New morning routine

As someone who can work remotely, it is easy to fall into a “routine” of waking up late then hopping on my computer, with no longer of a commute than walking down the steps to my basement. Appealing as this may sound, especially on dark winter mornings, it is actually a trap.

I’ve eschewed coffee for most of my life (I’m living proof that it is possible to survive two engineering degrees without it), so, on such mornings, grogginess can set in after an hour or two. Is there another solution?

When I lived in the city, commuting to my various schools or workplaces took anywhere from a 20-minute walk to a 40-minute bike ride. Similar to how I’ve refrained from coffee, I avoided commuting by car unless absolutely necessary.

Something happened on those commutes that I either did not realize or took for granted at the time: starting the day outside in sunlight.

Neuroscientist Andrew Huberman explains how the “morning signal of getting bright light in your eyes is absolutely vital,” affecting mood, appetite, hormones, and immune-system function. He recommends getting outside for five to ten minutes at the start of each and every morning. This practice tells the hypothalamus to signal bodily systems into coherent action. Without such a strong signal, systems fall out of synchronicity, leading to drowsiness or other minor issues.

At northern latitudes, where our winter mornings start in the dark, Huberman says to turn on as many bright lights as possible for five to twenty minutes.

Let’s also pair this with John Mark Comer’s recommendation from The Ruthless Elimination of Hurry to put your phone to bed at least an hour before you go to bed—ideally, airplane mode “in a drawer in the kitchen.” Don’t check it again until after your morning light.

In a week of trying this, I’ve found improved concentration and alertness throughout the day, no caffeine required. I suppose morning dog walkers have known this all along.

Start your day off right!

Another thought on television

I recently read John Mark Comer’s terrific The Ruthless Elimination of Hurry. Much of the book resonated with me, but I found his take on television particularly illuminating:

If you fill your mind with fornication and wildly unrealistic portrayals of beauty, or romance and sex, or violence and the quest for revenge, or cynical secular sarcasm that we call “humor,” or a parade of opulent wealth, or simple banality, what shape do you think that will give to your soul?

“Cynical secular sarcasm”—what an incisive way to describe so much of our current pop culture.

Some recent reading

I was going to start this post with a quip about how the lackluster winter means more time for reading, but—who am I kidding?—I’d still be reading lots anyway.

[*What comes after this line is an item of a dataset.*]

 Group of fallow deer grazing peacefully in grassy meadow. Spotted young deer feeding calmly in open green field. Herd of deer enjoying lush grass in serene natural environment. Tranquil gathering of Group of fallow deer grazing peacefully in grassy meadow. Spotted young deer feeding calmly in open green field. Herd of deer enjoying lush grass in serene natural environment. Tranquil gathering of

Here are three articles that have resonated with me lately:

1. Everybody Worships

David Foster Wallace, in a 2005 college commencement address: “In the day-to-day trenches of adult life, there is actually no such thing as atheism. There is no such thing as not worshipping. Everybody worships. The only choice we get is what to worship.” Then he talks about true freedom:

But of course there are all different kinds of freedom, and the kind that is most precious you will not hear much talked about in the great outside world of winning and achieving and displaying. The really important kind of freedom involves attention, and awareness, and discipline, and effort, and being able truly to care about other people and to sacrifice for them, over and over, in myriad petty little unsexy ways, every day. That is real freedom.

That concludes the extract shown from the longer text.